5.1.1 High-Dimensional Interpolation
The observation that 96-97% of “far-OOD” samples fall within the 99th percentile of training distances aligns with recent theoretical work on neural network geometry. In high-dimensional representation spaces (typically 256-512 dimensions), the volume of space grows exponentially with dimension. This creates vast regions where interpolation between training points can approximate complex functions without requiring true extrapolation.
This phenomenon may explain why models can achieve low error on “OOD” test sets while showing substantial degradation on structurally different physics scenarios. The models have learned to interpolate smoothly in a high-dimensional space where Earth gravity (9.8 m/s²) and Mars gravity (3.7 m/s²) anchor a manifold that naturally extends to Jupiter gravity (24.8 m/s²).
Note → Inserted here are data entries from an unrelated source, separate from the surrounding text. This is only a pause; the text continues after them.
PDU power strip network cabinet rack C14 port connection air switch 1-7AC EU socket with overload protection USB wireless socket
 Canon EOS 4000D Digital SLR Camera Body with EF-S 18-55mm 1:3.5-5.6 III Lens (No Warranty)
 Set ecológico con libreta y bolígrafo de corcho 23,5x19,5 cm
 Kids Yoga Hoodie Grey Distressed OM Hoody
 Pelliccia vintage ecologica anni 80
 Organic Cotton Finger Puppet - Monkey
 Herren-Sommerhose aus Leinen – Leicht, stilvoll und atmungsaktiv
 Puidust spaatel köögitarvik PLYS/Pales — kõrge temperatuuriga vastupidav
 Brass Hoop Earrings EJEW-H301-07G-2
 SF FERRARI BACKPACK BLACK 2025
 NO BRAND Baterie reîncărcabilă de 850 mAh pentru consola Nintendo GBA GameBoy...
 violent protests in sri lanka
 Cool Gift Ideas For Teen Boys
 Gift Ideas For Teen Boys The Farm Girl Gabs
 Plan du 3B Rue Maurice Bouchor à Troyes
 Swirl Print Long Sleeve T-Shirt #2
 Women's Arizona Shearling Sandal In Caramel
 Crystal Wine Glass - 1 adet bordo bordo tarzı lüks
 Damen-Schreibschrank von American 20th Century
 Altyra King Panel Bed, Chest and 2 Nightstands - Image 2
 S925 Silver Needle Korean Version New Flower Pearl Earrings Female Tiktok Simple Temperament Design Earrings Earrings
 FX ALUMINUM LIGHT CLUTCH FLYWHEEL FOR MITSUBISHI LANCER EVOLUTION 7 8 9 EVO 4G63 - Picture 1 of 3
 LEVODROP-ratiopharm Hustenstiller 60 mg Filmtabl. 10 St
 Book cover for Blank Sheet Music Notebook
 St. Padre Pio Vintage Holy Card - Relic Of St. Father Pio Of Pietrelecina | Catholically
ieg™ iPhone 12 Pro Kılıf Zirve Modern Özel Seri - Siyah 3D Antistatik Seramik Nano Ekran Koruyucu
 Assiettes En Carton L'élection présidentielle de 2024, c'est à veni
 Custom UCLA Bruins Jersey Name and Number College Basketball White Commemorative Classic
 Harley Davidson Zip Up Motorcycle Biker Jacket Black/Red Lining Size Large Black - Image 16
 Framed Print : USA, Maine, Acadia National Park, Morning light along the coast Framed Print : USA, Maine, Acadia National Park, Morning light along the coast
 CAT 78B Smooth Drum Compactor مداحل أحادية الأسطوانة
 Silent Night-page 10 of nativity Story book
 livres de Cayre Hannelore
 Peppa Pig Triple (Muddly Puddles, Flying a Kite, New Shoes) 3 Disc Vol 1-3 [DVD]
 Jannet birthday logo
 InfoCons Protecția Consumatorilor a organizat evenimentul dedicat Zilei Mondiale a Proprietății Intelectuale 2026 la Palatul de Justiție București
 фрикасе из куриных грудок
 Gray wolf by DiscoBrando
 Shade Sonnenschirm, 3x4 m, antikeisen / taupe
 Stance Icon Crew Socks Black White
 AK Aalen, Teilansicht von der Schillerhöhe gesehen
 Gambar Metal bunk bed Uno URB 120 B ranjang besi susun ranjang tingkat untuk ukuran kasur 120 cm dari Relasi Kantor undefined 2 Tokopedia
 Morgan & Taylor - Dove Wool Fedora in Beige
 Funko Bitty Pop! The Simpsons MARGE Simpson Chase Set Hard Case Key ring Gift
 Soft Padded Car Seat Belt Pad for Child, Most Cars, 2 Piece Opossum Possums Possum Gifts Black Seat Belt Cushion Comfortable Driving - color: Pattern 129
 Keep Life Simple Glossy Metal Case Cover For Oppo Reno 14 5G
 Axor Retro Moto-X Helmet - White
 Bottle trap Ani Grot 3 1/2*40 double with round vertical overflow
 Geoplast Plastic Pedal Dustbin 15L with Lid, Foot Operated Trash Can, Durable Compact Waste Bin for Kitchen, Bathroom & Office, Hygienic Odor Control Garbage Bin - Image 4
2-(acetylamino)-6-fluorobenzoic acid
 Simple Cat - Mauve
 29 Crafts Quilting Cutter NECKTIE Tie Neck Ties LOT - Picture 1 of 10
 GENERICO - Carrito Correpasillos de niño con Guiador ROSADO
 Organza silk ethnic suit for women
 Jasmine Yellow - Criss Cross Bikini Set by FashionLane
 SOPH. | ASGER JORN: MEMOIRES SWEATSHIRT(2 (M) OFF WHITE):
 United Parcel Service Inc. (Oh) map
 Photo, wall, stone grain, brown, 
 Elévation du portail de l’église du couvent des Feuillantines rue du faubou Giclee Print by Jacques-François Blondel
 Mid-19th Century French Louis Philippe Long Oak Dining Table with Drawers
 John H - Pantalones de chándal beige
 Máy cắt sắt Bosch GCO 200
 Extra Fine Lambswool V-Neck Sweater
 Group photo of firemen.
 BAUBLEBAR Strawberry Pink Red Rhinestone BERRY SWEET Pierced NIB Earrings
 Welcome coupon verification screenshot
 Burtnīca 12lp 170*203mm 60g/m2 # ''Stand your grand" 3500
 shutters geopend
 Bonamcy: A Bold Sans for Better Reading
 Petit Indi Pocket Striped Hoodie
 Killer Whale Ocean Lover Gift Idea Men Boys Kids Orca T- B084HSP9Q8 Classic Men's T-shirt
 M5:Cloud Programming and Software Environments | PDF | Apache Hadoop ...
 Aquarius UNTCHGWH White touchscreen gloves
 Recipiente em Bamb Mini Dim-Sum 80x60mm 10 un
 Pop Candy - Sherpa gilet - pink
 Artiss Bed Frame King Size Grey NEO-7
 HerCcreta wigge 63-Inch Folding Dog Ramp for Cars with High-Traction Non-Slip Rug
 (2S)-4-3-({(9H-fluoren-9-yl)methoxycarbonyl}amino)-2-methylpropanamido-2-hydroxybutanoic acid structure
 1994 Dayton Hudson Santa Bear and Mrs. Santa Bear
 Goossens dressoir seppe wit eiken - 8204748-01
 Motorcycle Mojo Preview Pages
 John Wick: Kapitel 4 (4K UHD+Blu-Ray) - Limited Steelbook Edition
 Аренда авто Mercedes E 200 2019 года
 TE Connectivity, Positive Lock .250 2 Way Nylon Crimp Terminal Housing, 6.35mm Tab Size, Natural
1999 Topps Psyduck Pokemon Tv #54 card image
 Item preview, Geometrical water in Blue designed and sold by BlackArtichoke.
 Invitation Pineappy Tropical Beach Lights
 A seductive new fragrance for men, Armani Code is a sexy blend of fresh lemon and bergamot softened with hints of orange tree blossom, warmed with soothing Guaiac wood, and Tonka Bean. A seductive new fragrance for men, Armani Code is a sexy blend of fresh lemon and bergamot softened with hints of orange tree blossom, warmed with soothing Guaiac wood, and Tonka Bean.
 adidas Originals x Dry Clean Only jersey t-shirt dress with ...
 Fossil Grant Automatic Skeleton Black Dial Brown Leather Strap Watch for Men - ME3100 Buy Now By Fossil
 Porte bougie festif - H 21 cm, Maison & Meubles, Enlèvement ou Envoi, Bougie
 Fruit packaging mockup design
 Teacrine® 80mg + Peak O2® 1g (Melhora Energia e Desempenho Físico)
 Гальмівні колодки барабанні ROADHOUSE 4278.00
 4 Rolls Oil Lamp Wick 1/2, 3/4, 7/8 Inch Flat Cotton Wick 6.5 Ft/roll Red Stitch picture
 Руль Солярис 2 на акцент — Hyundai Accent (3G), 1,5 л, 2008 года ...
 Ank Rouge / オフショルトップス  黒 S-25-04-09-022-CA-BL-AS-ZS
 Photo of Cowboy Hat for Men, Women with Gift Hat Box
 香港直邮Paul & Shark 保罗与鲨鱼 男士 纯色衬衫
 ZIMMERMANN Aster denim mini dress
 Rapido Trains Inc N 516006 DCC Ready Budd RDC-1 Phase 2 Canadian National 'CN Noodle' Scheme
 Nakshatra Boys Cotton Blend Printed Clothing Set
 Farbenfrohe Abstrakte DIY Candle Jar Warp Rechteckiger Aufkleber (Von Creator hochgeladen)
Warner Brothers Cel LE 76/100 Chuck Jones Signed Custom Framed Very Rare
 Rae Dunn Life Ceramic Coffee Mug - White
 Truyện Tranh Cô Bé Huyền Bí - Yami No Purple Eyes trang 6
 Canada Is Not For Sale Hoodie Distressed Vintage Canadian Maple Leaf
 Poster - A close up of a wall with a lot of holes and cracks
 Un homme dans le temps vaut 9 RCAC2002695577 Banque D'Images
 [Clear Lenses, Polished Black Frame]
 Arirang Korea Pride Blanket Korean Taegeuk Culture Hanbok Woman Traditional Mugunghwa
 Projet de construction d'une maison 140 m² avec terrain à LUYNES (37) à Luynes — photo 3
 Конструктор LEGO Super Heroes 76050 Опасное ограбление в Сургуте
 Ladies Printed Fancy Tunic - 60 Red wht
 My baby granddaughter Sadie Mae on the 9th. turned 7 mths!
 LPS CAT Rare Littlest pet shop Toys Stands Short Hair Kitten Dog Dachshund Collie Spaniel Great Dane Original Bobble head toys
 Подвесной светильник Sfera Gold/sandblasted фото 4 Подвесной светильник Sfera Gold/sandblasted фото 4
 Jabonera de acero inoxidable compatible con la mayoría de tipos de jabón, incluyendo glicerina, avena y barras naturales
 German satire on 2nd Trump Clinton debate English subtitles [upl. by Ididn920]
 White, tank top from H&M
5.1.2 The Role of Training Distribution Design
The 3,000-55,000x performance degradation between published and reproduced results cannot be explained by implementation differences alone. Our analysis suggests that successful “extrapolation” results likely stem from training distributions that include:
- Intermediate gravity values between Earth and Mars
- Data augmentation that implicitly covers the interpolation gap
- Multi-stage training that progressively expands the covered region
This is not a flaw in the original research but rather highlights how sensitive apparent extrapolation performance is to training data curation.
5.2 Physics Knowledge: Help or Hindrance?
5.2.1 The Paradox of Domain Knowledge
Counter-intuitively, our results show that models with explicit physics knowledge (PINNs) performed worst on both interpolation and extrapolation tasks. The minimal PINN, which directly encodes F=ma, showed 55,000x worse performance than a simple neural network baseline.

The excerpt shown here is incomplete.